Benim çocukluğumda en fazla pişirilen şey çorbaydı. Sabahları, akşamları çorba içilirdi, içine ekmek doğranarak. Küçük şehirlerde, kasabalarda çorbacı dükkanları bulunurdu. Biraz ekmek, bir tas çorba; başında bismillah çekilir, bitince elhamdülillah denilir, kanaat edilirdi. Şimdi öyle mi?
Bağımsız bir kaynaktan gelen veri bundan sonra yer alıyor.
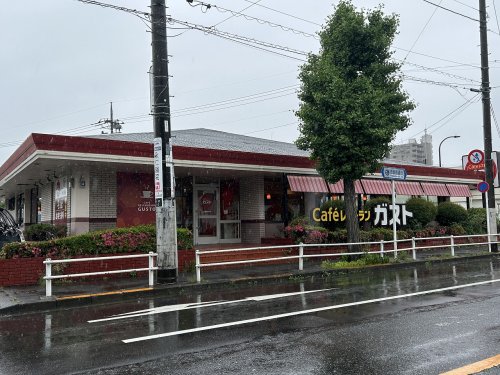 【立川市高松町のアパートの飲食店】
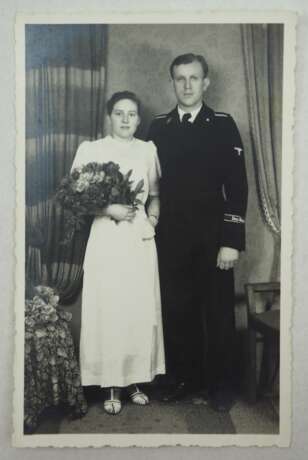 SS-Soldat "Das Reich" Hochzeitsfoto. - photo 1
Gelirli sınıflar çorbayı kaldırdılar, daha fazla kaliteli ve pahalı yemek yiyebilmek için. Şimdi etler, balıklar, tavuklar, kaymaklı tatlılar, neler neler tıkınılıyor. Sonra da pahalılık varmış. Elbette olur. Ucuzluk olması için ya üretimin artması ya tüketimin azalması gerekir.
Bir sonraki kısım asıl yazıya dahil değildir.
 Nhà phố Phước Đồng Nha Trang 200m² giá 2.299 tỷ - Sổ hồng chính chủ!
Eski Romalılar bir ara sefahatte o kadar ileri gitmişlerdi ki, orgie denilen fısk u fücur ziyafetlerinde, kanapelere uzanarak domuzlar gibi yer içerler, mideleri iyice dolunca, biraz ötede boğazlarına bir tüy sokarak kusarlar, tekrar sofraya koşarlardı. Bizdeki ehl-i dünyanın bir kısmı da o yolda ilerliyor. Büyük şehirler, yazlıklar lüks restoranlarla doldu, içkisiyle birlikte bir adam 500 bin lira ödüyormuş, bu da orta bir rakammış. Bir yanda bu israf, öte yanda sürünen fakir kitleler. Zenginlerle fakirler arasındaki bu uçurum insanı korkutuyor.
Geçenlerde “Antitüketim Kılavuzu” adlı bir yazı yazmıştım. Oradaki tekliflerimi hayata uygulamak gerektir, pahalılıkla mücadele etmek için masrafları kısmak, lüks tüketime son vermek, kanaatkâr olmak icab eder. Yandık diye feryad etmekle pahalılık gidip, ucuzluk gelmez.
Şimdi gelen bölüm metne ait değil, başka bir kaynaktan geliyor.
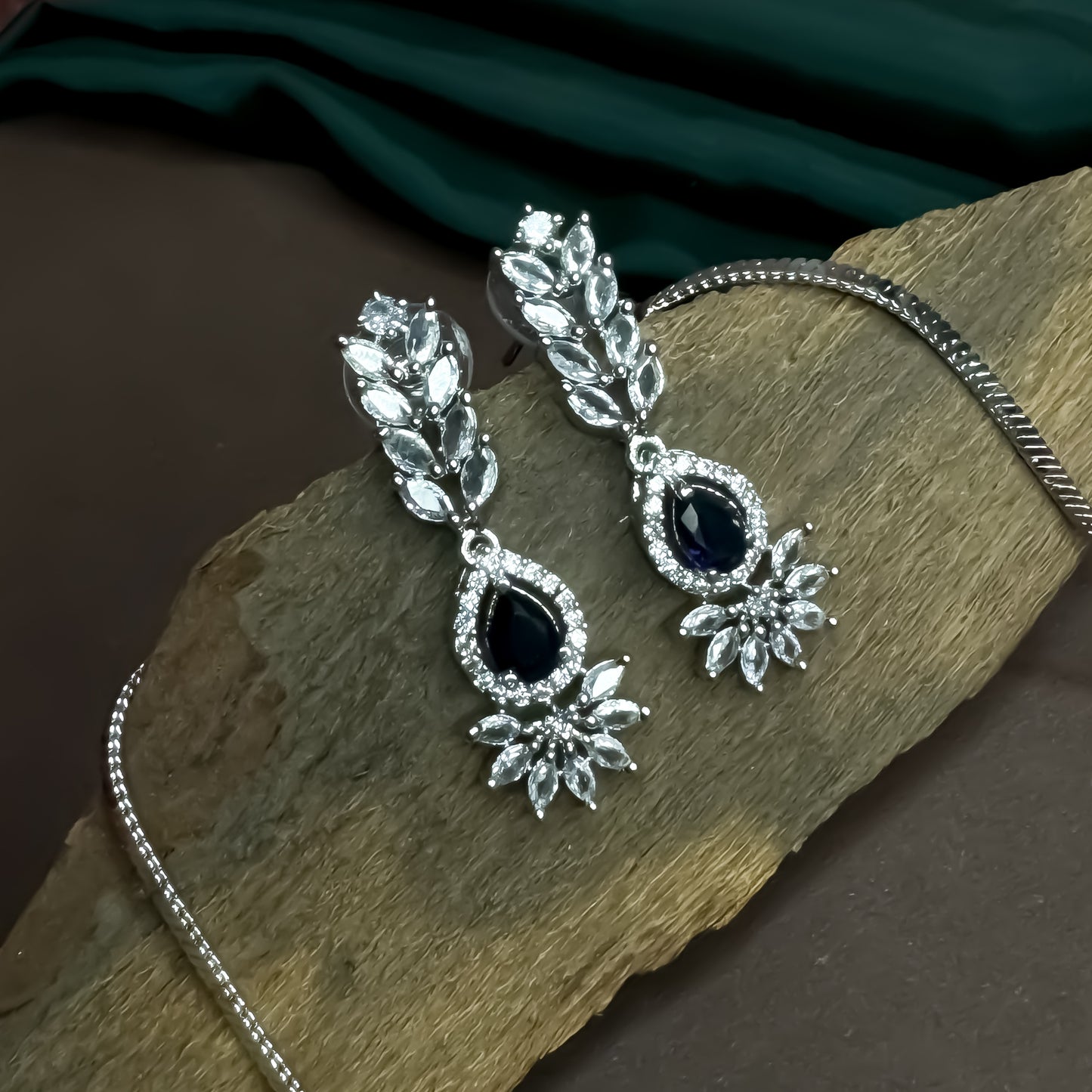 Nilofer AD Necklace Set - Royal Blue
Kısa pratik tekliflerim: Ampulleri değiştirip düşük vatlılarım takın. Daha kısa müddette pişen yemekler yapın. Alışverişi ucuz semt pazarlarından yapın. Pirincin, makarnanın, deterjanın, yağın lüksünü değil, ucuzunu alın. Nohut, mercimek, patates tüketimini çoğaltın. Balığın bol ve ucuz olduğu mevsimde et yerine onu tüketin. Müsrif değil, kanaatkâr olun.
ÂLET Mİ ADAM MI?
Biz şarklıların modem cihazlara, Batı dünyasının incik-boncuklarına karşı aşırı zaafımız, hayranlığımız vardır. Bütün İslâm âlemi, trilyarlar harcıyarak fotoğraf makinaları, videolar, teypler, fakslar, bilgisayarlar, bulaşık makinaları edindi. Şimdi otomobillere telsiz telefonlar koyduruyoruz. Ben oldum olası, bu hayranlığa karşıyırndır. Bizim eksikliğimiz cihazla, âletle ilgili eksiklikler değildir ki.
İyi yazı yazabilmek, birinci sınıf gazeteci olabilmek için bir deste müsvedde kâğıdı ile bir kalem veya daktilo yeter. Kalemin lüks ve pahalı olması, daktilonun bilgisayarlı olması yazının kalitesi üzerinde etkili olmaz.
Eğer ben kaliteli kalem ürünü veremiyorsam, bilgisayar bana ne yapabilir?
İyi gazetecilik yapabilmek için ille de renkli rotatifler, son model renk ayırma cihazları ve bunlara benzer pahalı âlet ve usuller de şart değildir. Siyah beyaz baskı ile de birinci sınıf gazetecilik olur. Hattâ böylesi daha ciddî, daha kalitelidir. Dünyanın en ciddî gazetesi Le Monde (ilânlardaki resimler dışında) hiç resim basmaz.
Bütün gücümüzü insanlarımıza vermeliyiz. Sonra makinalara, cihazlara, âletlere.
Bizi mağlub eden, düşmanlarımızın gücü değil, bizim kendi güçsüzlüklerimizdir.
“Bu kardeşimiz imanlı, namazlı bir Müslümandır”, demekle iş bitmez, ilmi, ihtisası, hüneri, mârifeti, başarısı var mıdır, ona bakmalıyız.
Gerçek iktidar olabilmek için sadece milletin seçmesi yetmez. Aynı zamanda ‘muktedir, güçlü” olmak şartı gereklidir.
Biz Müslümanlar, emanetleri rastgele Müslümanlara değil, o emanete ehil olan liyakatli ve muktedir Müslümanlara vermeliyiz.
Kalitesiz Müslüman kadrolar, bu davanın sırtında yüktür. Kaliteli kadrolar yetiştirmeliyiz. Bütün imkânlarımızı bu işe teksif etmeliyiz.